WORK ORDER ->
Where a picture appears, skip it and copy everything else in the listing exactly.

-- RECORDED INFORMATION follows --

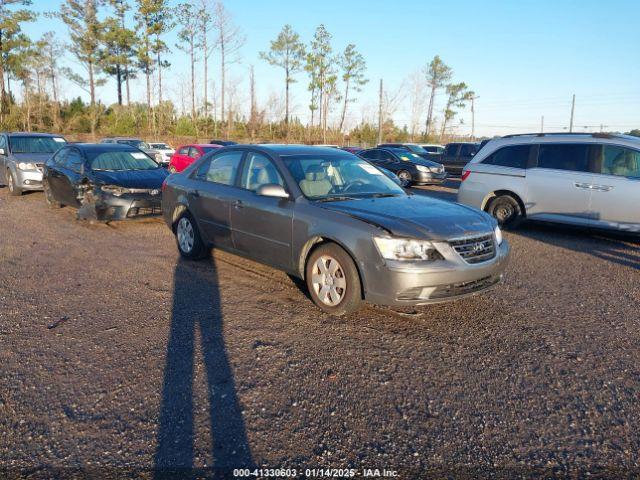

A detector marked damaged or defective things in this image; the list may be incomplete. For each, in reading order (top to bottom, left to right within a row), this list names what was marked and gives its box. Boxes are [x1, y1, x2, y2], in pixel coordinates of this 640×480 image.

damaged dark sedan [42, 142, 168, 221]
wrecked car hood [92, 169, 170, 189]
damaged dark sedan [164, 144, 510, 316]
wrecked car hood [320, 195, 496, 240]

-- RECORDED INFORMATION concluded --

SOLUTION ->
A detector marked damaged or defective things in this image; the list may be incomplete. For each, in reading order (top to bottom, left to right within a row), this list names what was marked and gives its box. Boxes are [x1, y1, x2, y2], in pixel coordinates of this 640×480 image.

damaged dark sedan [42, 142, 168, 221]
wrecked car hood [92, 169, 170, 189]
damaged dark sedan [164, 144, 510, 316]
wrecked car hood [320, 195, 496, 240]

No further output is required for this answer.